На нашем сайте KnigaRead.com Вы можете абсолютно бесплатно читать книгу онлайн В Поздняков, "Случай на улице Капуцинов. Рассказы" бесплатно, без регистрации.
Перейти на страницу:

Либетраут вынул пластинку из рук Журбо и стал ее внимательно рассматривать.

— Да, действительно, — констатировал он, — помутнение налицо. И это не дефект. Пластинки, отправляемые на Эверест, вне всяких подозрений.

— Когда вы делали снимок, мосье Либетраут? — спросил Журбо.

— Восемнадцатого числа…

— Восемнадцатого… м… — задумчиво повторил Журбо.

— Сегодня седьмое… Девятнадцать дней… Кратер Коперника уже вышел из тени и теперь виден… Сегодня вечером мы у экваториала, коллега.

Когда стемнело, — почти внезапной, бессумеречной тропической темнотой, и луна озарила снежные вершины гималайского хребта своим безжизненным сиянием, — Журбо и Либетраут заперлись в кабинке экваториала.

Нажатие двух, трех кнопок — и величественно поплыл объектив телескопа по почти черному небу, огневым дождем пересекая звезды, планеты, туманности. Наконец в его центре появилась огромная, блистающая луна, на три четверти залитая солнечным светом.

Жадно приник Журбо к окуляру… Сомнений не было! Пятно, запечатленное пластинкой, увеличилось почти вдвое, вытянулось к середине кратера, к горам в его центре.

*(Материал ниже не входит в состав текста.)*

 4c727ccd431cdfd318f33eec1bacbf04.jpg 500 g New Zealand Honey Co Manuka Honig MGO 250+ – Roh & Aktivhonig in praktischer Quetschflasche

Журбо убедился, что оно замечательно похоже на остатки тумана в горах, на легкие облака влаги, ночующие в складках гор, тающие от первого луча утреннего солнца.

— Разрешите мне, — услышал Журбо над своим ухом голос Либетраута и почувствовал, как на его плечо легла тяжелая рука.

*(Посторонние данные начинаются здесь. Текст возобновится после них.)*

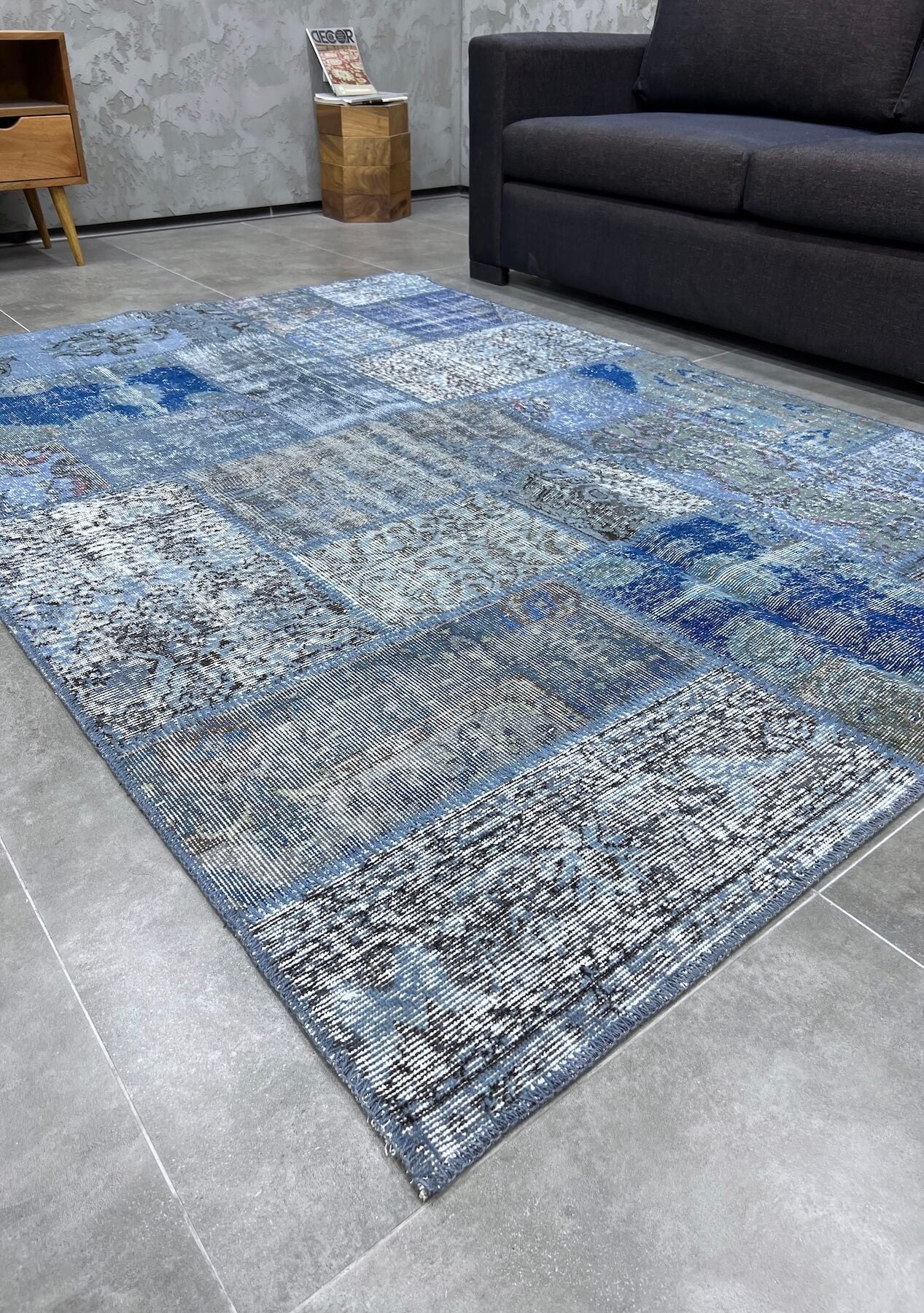 Liberty - Vintage Blue Patchwork Rug - kudenrugs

«Ого, не стесняется»… подумал он, но тут в своей душе и извинил и понял его нетерпение — явление было действительно исключительное.

А когда Либетраут сел у окуляра, он стоял около и думал о том, что за всю историю астрономии небо ни разу не посылало такой загадочной картины… а разгадки все еще не было.

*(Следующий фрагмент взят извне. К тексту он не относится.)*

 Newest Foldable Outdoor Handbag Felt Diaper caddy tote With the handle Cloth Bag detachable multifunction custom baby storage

Через пять часов наблюдения, уже на рассвете, заглянув в последний раз в телескоп, Журбо мог с определенностью сказать, что и за это, сравнительно короткое, время пятно увеличилось, вытянувшись к центру кратера километров на тридцать.

«Если так будет продолжаться, — думал он, — то при диаметре кратера в девяносто километров он завтра весь затянется облаком…»

Усталые, разбитые, с воспаленными от долгого наблюдения глазами, вернулись они в общую жилую комнату.

— Ну-с, дорогой коллега, — спросил Журбо Либетрауута, — что вы обо всем этом думаете?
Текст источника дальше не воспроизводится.